Der Iraner Ashkan Khorasani ist einer der mehr als 30 Asylbewerber, die derzeit in Richtung Berlin unterwegs sind, um so unter anderem gegen die Unterbringung in Gemeinschaftsunterkünften und die Einschränkung ihrer Bewegungsfreiheit zu demonstrieren (Residenzpflicht). Zeitgleich zum Protestmarsch fährt ein Info-Team der Asylbewerber auf dem Weg nach Berlin mit einem Bus die Städte im Westen Deutschlands ab. Der 23-Jährige berichtet über die Hintergründe dieser Aktion.

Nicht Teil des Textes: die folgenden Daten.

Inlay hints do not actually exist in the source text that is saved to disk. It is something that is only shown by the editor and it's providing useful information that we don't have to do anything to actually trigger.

SZ: Ihre Versorgung in den Städten ist durch Unterstützergruppen gesichert. Wie sieht es denn auf dem Land aus?
Ashkan Khorasani: Die Menschen hier lassen uns ihre Solidarität spüren. Wir sind für eine Sache unterwegs, die alle etwas angeht: Würde und Freiheit. Überdies: Für uns Flüchtlinge ist es auch kein Problem, mal im Schlafsack unter freiem Himmel zu übernachten. Nahezu alle haben das auf der Flucht mitgemacht, bis sie in Deutschland waren. Und da ging es um Tausende von Kilometern. Jetzt nach Berlin, das sind es doch nur einige hundert Kilometer.

Sind Sie denn so sicher, dass die Gruppe in Berlin ankommt? Was, wenn die Polizei sie aufhält?
Wir gehen nach Berlin, und ich glaube nicht, dass das ein Problem darstellt. Das ist doch ein freies Land. Außerdem: Wir tragen hier ja keine Plakate oder Spruchbänder durch die Lande.

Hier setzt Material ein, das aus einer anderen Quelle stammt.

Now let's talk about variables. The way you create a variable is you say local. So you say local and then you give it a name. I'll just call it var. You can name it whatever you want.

Worauf stellen Sie sich seitens der Behörden ein, wenn der Protestzug nun Bayern verlässt?
So wie sich unsere Lebenssituation gestaltet, brauchen wir unsere Kraft für andere Dinge, als darüber nachzugrübeln, wie sich unter Umständen die Behörden uns gegenüber verhalten könnten. Wir erwarten jetzt auch keine Aktionen gegen uns - denn letztlich sind wir hier doch in einem Land, in dem Regeln und Gesetze zum Wohle der Menschen gemacht sein sollten. Wir hoffen darauf, dass die Verantwortlichen verstehen, dass wir ein Recht darauf haben, auf unsere Probleme aufmerksam zu machen. Die sind doch auch Menschen.

Sie haben also keine Angst? Immerhin setzen sich alle Teilnehmer des Protestmarsches über ihre Residenzpflicht hinweg.
Angst hatte ich zu keinem Zeitpunkt. Ich bin mit mir im Reinen: Ich kenne meine Möglichkeiten, kenne meine Ziele. In meiner Heimat war ich ganz anderen Risiken ausgesetzt. Als ich mich dort an Demonstrationen gegen das Regime beteiligte, wurde ich verhaftet und von der Polizei brut gefoltert. Soviel zu meiner Geschichte.

Warum gehen Sie nun hier in Deutschland auf die Straße?
Als Flüchtling ist man hier in dieser Gesellschaft der Letzte in der Reihe, und das hat man uns spüren lassen. Das einzige, was uns hier übrig bleibt, ist zu kuschen, Anordnungen zu befolgen - ohne Rechte. Und das merkt man vom ersten Augenblick an, in dem man ins Flüchtlingslager kommt.

Wann haben Sie gemerkt, dass Sie sich dagegen wehren müssen?
Von Anfang an. Ich bin ein politisch denkender Mensch. Und wenn eine Gesellschaft menschenfeindlich handelt, dann erhebe ich dagegen meine Stimme - das war in meiner Heimat ja nicht anders.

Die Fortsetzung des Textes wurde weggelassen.